Start of Block

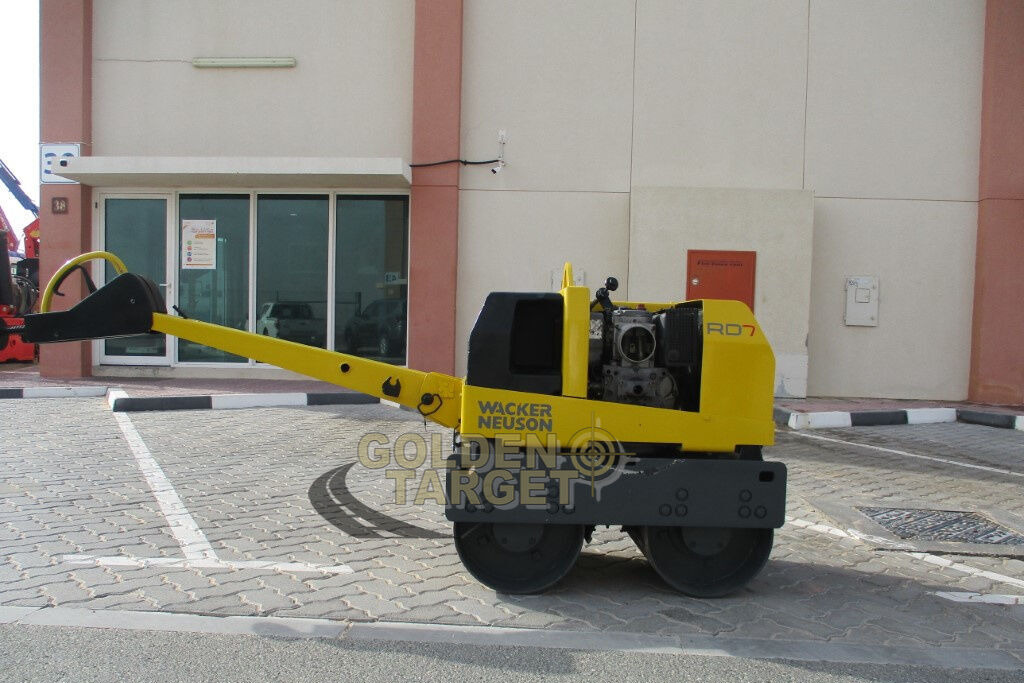 Wacker Neuson RD7 Roller - Mini rullo: foto 4 Wacker Neuson RD7 Roller - Mini rullo: foto 4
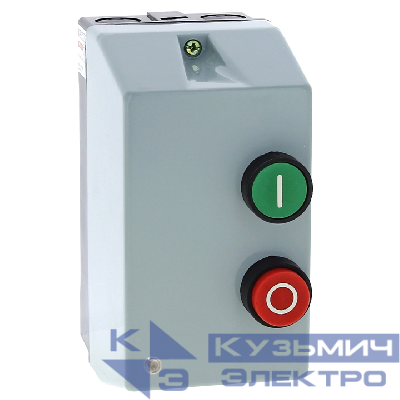 Пускатель магнитный КМЭ 9А 400В с РТЭ и индикатором PROxima в корп. IP65 EKF ctrp-r-9-400v-led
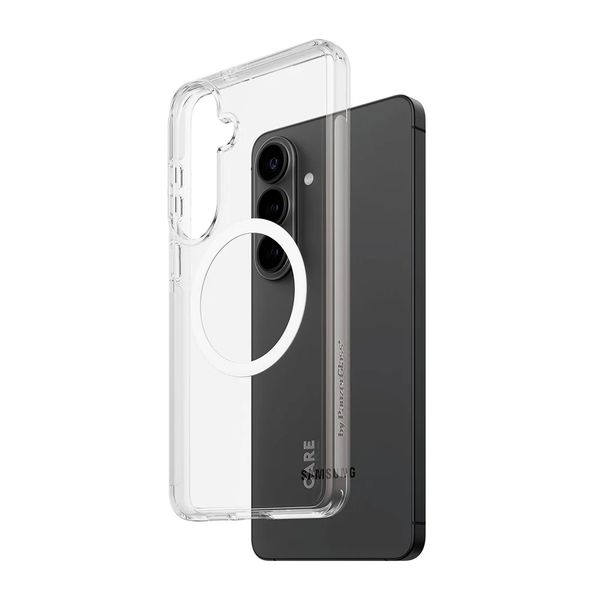 CARE by PanzerGlass Coque Urban Combat Samsung Galaxy S26 Plus - Blanc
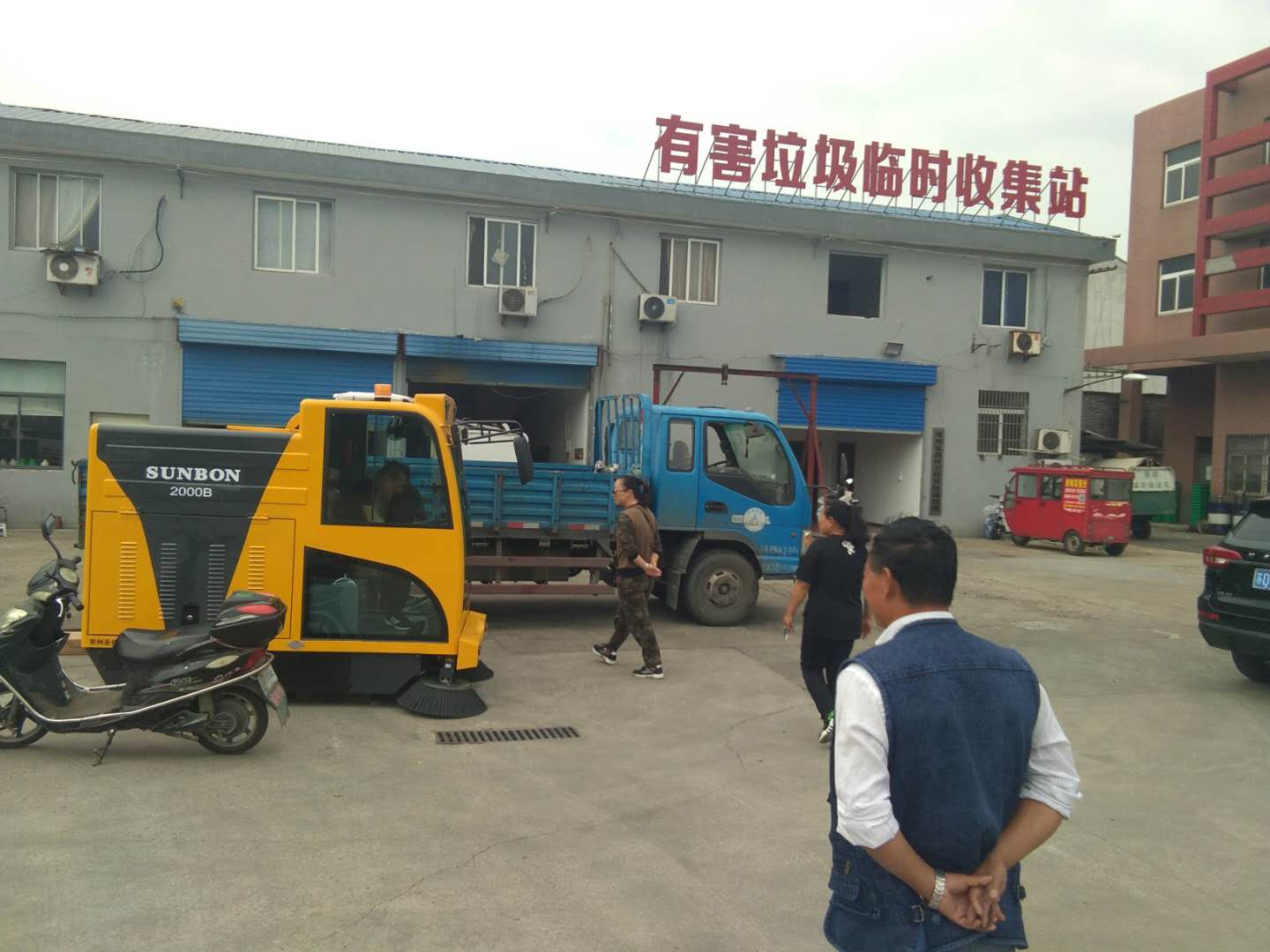 环卫扫地车客户案例-东莞戚墅堰环卫管理处 环卫扫地车客户案例-东莞戚墅堰环卫管理处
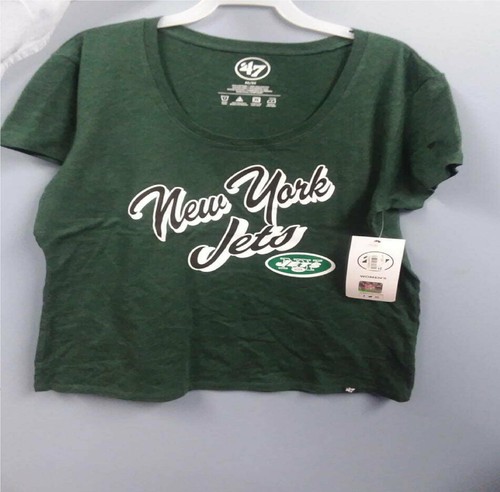 '47 Brand Camiseta para mujer New York Jets Club Script - Imagen 2 de 2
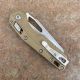 Microtech MSI Ram-Lok Dark Earth Polymer Apocalyptic M390 Folding Knife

End of Block

What the task asks
Here the requirement is to restate exactly the line holding "Imagen 2 de 2" and every later line through the end of the material, omitting pictures.

Solution to this task
 '47 Brand Camiseta para mujer New York Jets Club Script - Imagen 2 de 2
 Microtech MSI Ram-Lok Dark Earth Polymer Apocalyptic M390 Folding Knife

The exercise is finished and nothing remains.